Problem statement: From the records below, transcribe only the lines running from the one with "Miniatura del documento HISTORICO1.pdf" through the one with "HONGTAIPART Toner Powder". Keep both of those end lines.

Record extracts:
###

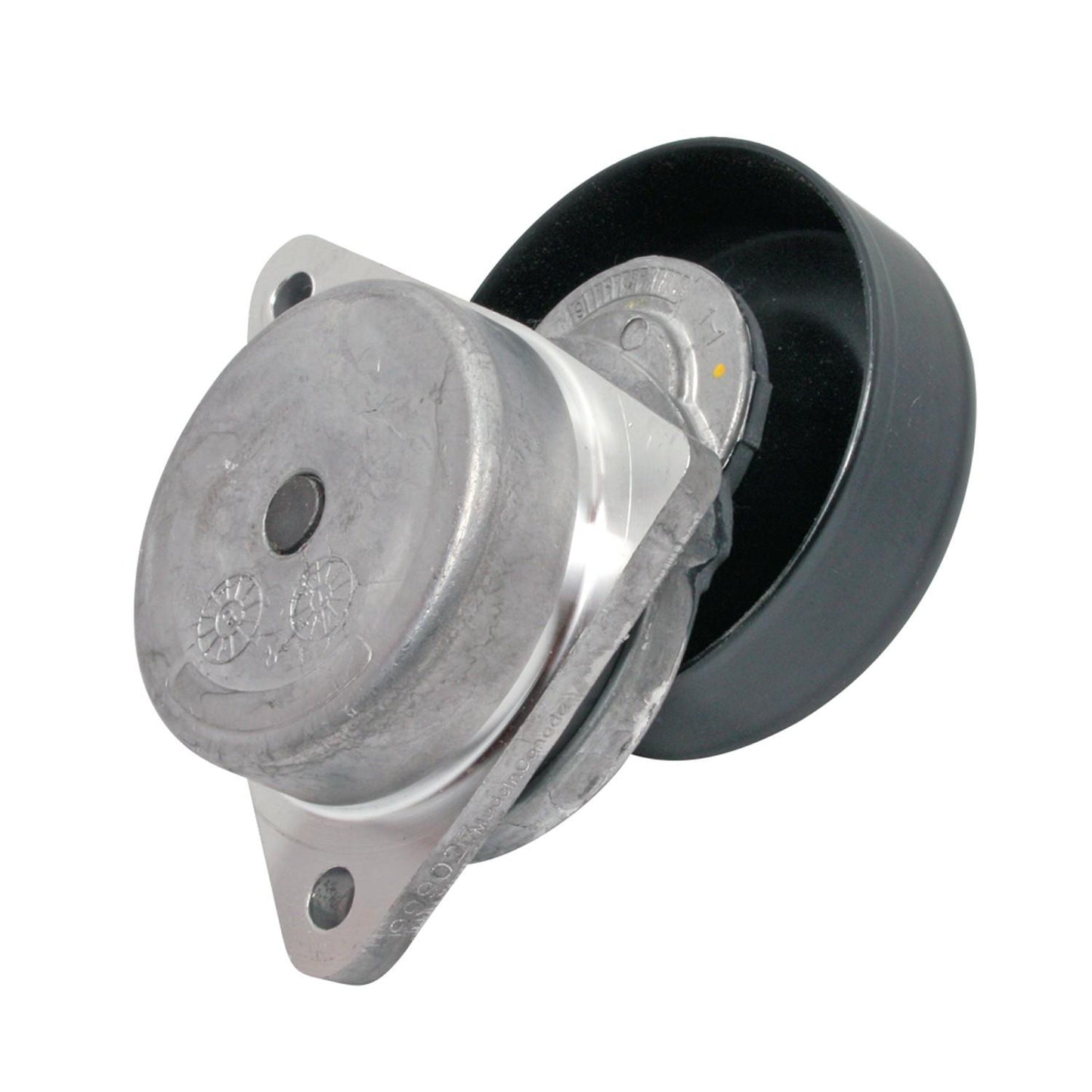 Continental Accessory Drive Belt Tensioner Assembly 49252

###

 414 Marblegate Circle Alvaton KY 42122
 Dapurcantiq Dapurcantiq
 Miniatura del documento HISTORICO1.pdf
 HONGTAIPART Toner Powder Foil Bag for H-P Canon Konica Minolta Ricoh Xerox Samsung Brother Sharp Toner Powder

###

Output for this task:
 Miniatura del documento HISTORICO1.pdf
 HONGTAIPART Toner Powder Foil Bag for H-P Canon Konica Minolta Ricoh Xerox Samsung Brother Sharp Toner Powder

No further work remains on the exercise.